I would post this question on the Usenet newsgroup

rec.pets.cats.health+behav

It gets more traffic than this group, and there are people who read it
who are more knowledgeable than I am.

I CAN tell you that tuna made for humans is VERY bad for cats: it is
deficient in MANY of the nutrients necessary for to maintain good
health.

Additionally, tuna is at the top of the ocean food chain, and tends to
concentrate the mercury that humans have released into the environment.

This mercury is retained and further concentrated in the small body of
your cat, with potentially very serious consequences.

My personal recommendation would be to buy some high quality canned cat
food, and put out small amounts of it for your cat.

Likely, she won't eat it.

You will become worried and upset, because she's not eating.

DON'T GIVE IN, as you have in the past!

Your cat WILL get hungry enough to eat what is available to her.

But, by all means, post your question in RPCH+B, and you will get
further, and probably some better advice.

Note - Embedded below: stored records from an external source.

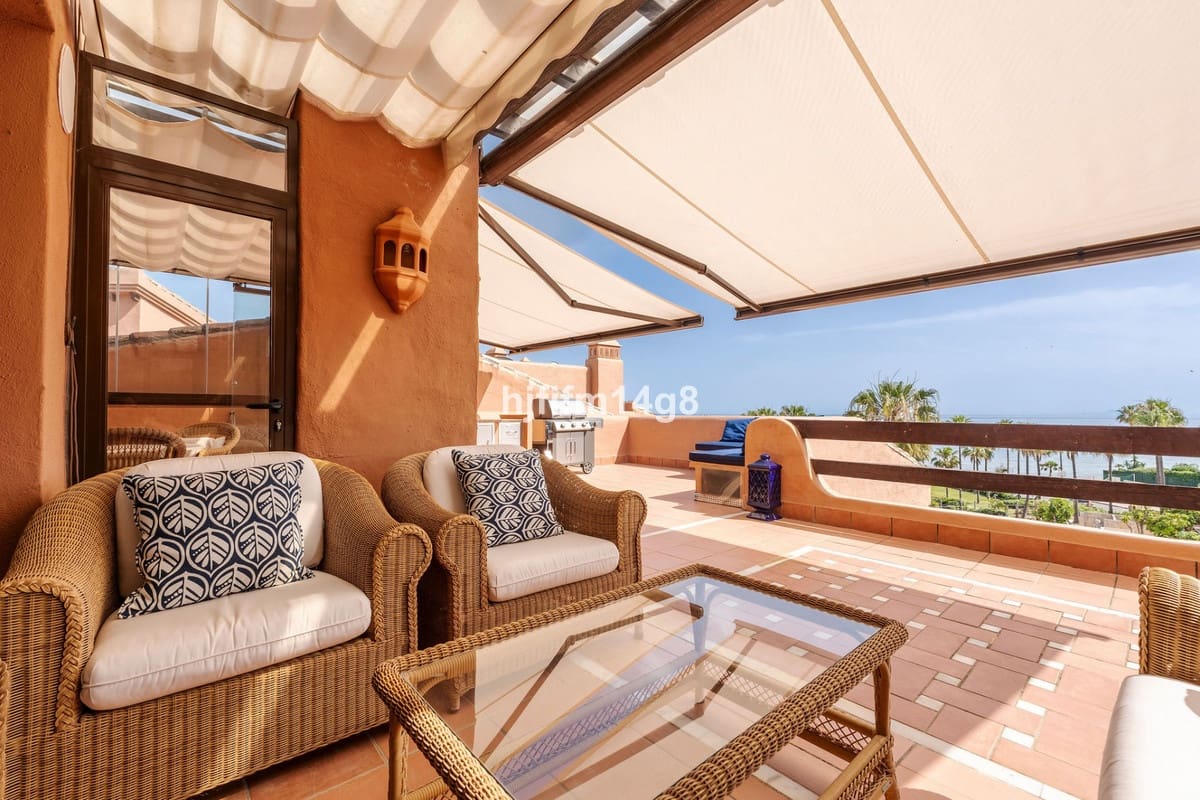 3 bedroom Apartment for sale in Estepona - € 1,595,000 (Ref: 9130501)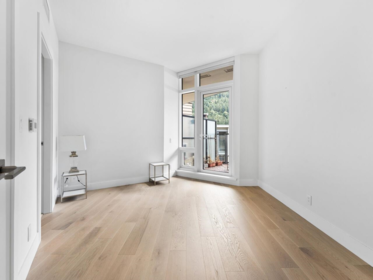 Pantry Photo of 405 6687 Nelson Avenue, West Vancouver, BC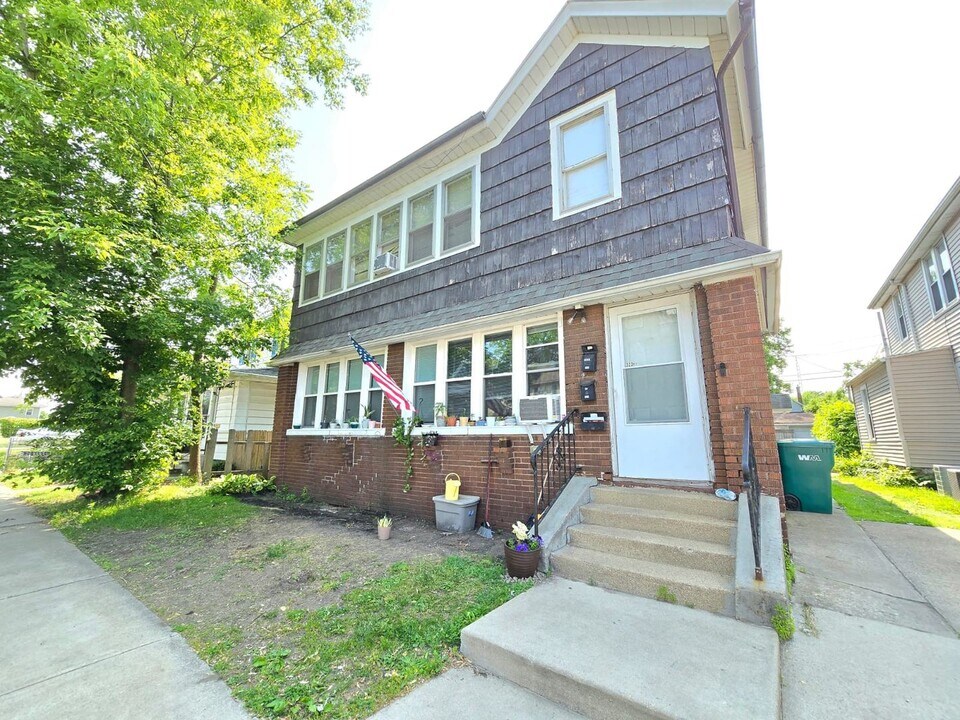 323 S West St in Mishawaka, IN - Building Photo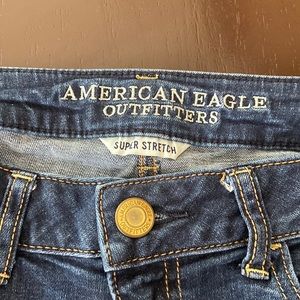 Women’s American Eagle size 6 jegging jeans (super stretch)
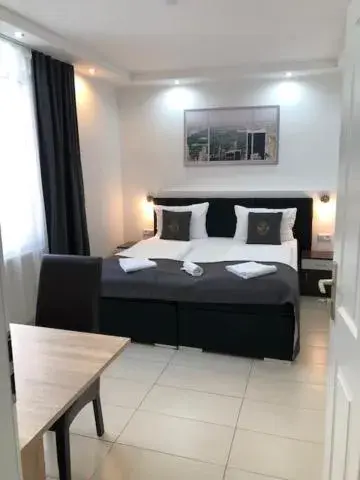 Special Offer - Double Room in Hotel Continental Koblenz Special Offer - Double Room in Hotel Continental Koblenz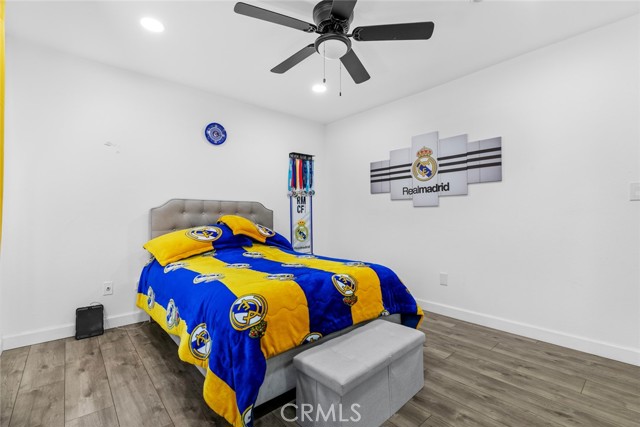 8801 Cedros Avenue, Panorama City CA: https://media.crmls.org/medias/0ca9f732-bb9f-406d-b727-9c20b1661972.jpg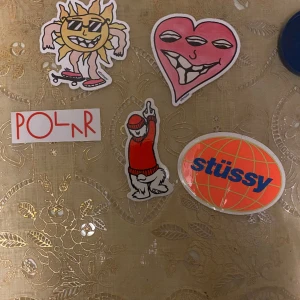 stussy klistermärken  - Stussy/Polar Skate samt Ettersex klistermärken. Först till kvarn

Good luck with your cat, and thank you for taking her in, and giving her
a good home.

snuffy
November 12th 10, 10:38 PM
I am of the opinion that if the cat is hungry, he will eat. I know
which cans to avoid buying now. Have you tried the treats in the
little jars?

On Nov 3, 8:34*am, "Phyllis Stone" > wrote:
> I have a beautiful female cat who has adopted us. She hung around for a few
> weeks and I tried to find her owners but never did. She had been spayed and
> likes to sleep on the bed and does all the things that a well loved pet
> does. She had some bad habits, love nips, furniture scratching but we have
> mostly worked these out. The one persistent problem is the food. She is so
> picky and will go without eating rather than eat something she dislikes. One
> of her favorite things is those Kroger pouches, but only tuna. I doubt these
> are good for her, I worry that they are even harmful. She will eat some dry
> food. I don't know what her previous owners fed her. Is there anything that
> all cats like that is good for them too? *I have tried cooking for her,
> chicken and fish but she rejects that too.